En 2008, après la défaite de John McCain, le Parti républicain fait un « rapport d’autopsie ». 

Certains considèrent que le parti va enchaîner les défaites s’il n’est pas plus ouvert sur l’immigration, afin de conquérir l’électorat au sein d’une population latino-américaine croissante.

Apparaît alors une autre branche, notamment autour de Kellyanne Conway et Steve Bannon, qui développe l’idée des « votes blancs manquants », considérant qu’il existe une masse d’électeurs qui ne votent plus et qu’il faut mobiliser. Ils s’appuient notamment sur le succès du mouvement Tea Party, une insurrection populiste de la base du Parti républicain contre ses dirigeants, dont le succès au Congrès dans les années 2010 annonce la victoire de Trump aux primaires républicaines de 2016.

Les intellectuels du mouvement national-conservateur partent du constat que Trump a su mobiliser ces votes, et qu’il est essentiel de les conserver en redéfinissant les idées dominantes du parti républicain, l’armature intellectuelle du conservatisme. Ils la redéfinissent par rapport aux obsessions de Trump, notamment sur le commerce — c’est ainsi qu’ils incorporent les éléments relatifs aux droits de douane et à la politique industrielle.

Ils constatent aussi que deux autres éléments ont été essentiels dans la victoire de Trump de 2016. D’une part, le rejet des guerres de Bush, les « guerres sans fin », qui se traduit par un rejet du néoconservatisme, encore très présent aujourd’hui — être traité de « néoconservateur » est presque devenu l’insulte suprême.

D’autre part, la fermeture à l’immigration. C’est quelque chose que Trump découvre à partir de 2010-2011, quand il prépare sérieusement sa candidature, se lance sur Twitter et rencontre Steve Bannon. Auparavant, le thème de l’immigration n’était pas présent chez lui, que ce soit dans sa tribune de 1987 ou dans ses livres. Il le découvre avec le Tea Party et son utilisation de Twitter, où il constate l’écho de certaines idées.

Roger Stone, qui connaît Trump depuis les années 1970, lui souffle quant à lui l’idée du mur à la frontière avec le Mexique — en se disant « Ça va coller, il va s’en rappeler, c’est un promoteur immobilier ». Cette anecdote est racontée notamment par le journaliste Joshua Green.

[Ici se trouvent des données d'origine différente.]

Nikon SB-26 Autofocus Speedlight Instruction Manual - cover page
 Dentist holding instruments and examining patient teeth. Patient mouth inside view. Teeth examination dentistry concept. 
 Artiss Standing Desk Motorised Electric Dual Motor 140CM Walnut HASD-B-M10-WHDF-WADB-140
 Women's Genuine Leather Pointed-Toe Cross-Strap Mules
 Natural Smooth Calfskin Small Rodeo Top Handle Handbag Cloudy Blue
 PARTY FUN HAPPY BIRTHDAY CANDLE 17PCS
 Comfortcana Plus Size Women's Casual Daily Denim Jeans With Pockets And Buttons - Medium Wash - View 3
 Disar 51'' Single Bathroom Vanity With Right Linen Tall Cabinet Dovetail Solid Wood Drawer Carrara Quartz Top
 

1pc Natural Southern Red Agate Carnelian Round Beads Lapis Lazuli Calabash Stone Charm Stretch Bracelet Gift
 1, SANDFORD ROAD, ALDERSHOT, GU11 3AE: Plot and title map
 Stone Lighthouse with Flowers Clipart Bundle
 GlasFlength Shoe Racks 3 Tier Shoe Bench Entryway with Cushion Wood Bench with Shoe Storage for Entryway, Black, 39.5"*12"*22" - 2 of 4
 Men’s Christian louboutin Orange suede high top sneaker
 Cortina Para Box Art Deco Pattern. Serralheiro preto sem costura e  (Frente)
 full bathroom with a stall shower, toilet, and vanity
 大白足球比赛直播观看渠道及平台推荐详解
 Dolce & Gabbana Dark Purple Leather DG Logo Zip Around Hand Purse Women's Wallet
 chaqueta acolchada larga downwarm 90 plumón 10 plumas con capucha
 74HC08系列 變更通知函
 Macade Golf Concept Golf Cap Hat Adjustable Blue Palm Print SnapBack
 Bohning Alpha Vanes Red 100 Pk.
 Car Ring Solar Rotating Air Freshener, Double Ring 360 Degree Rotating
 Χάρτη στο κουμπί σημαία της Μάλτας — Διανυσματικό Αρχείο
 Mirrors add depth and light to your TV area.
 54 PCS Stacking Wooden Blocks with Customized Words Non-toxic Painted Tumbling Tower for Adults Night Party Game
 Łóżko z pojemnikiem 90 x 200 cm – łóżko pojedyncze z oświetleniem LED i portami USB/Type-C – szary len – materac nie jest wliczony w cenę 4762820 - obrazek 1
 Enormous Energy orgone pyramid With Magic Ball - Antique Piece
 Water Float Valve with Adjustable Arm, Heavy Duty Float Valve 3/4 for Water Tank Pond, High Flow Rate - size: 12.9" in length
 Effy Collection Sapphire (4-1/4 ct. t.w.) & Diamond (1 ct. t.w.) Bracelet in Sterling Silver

Les théoriciens du mouvement national-conservateur font le constat politique suivant : Trump a trouvé une théorie de la victoire électorale.

Maya Kandel

Vous écrivez que le Trump de 2016 n’est pas celui de 2020 ni de 2024 — ce qui se voit notamment dans sa coalition électorale, qui s’est considérablement élargie en huit ans. Par quoi se traduit cette évolution ?

L’équipe de campagne de Trump a réussi à faire en 2024 ce que Trump revendiquait déjà en 2016, c’est-à-dire d’incarner le parti des working class, des classes moyennes et populaires, définie aux États-Unis par le niveau d’éducation.

Trump n’a pas changé, on ne change pas fondamentalement à plus de 70 ans. Mais son entourage est devenu beaucoup plus idéologique. Et sur le plan humain, il a été marqué par la tentative d’assassinat du 13 juillet 2024. Il est aujourd’hui âgé de 79 ans et sait qu’il dispose d’un temps limité. Je pense qu’il se soucie de son héritage, de la marque qu’il imprimera sur l’Amérique, et de ce que l’on dira de lui après sa mort.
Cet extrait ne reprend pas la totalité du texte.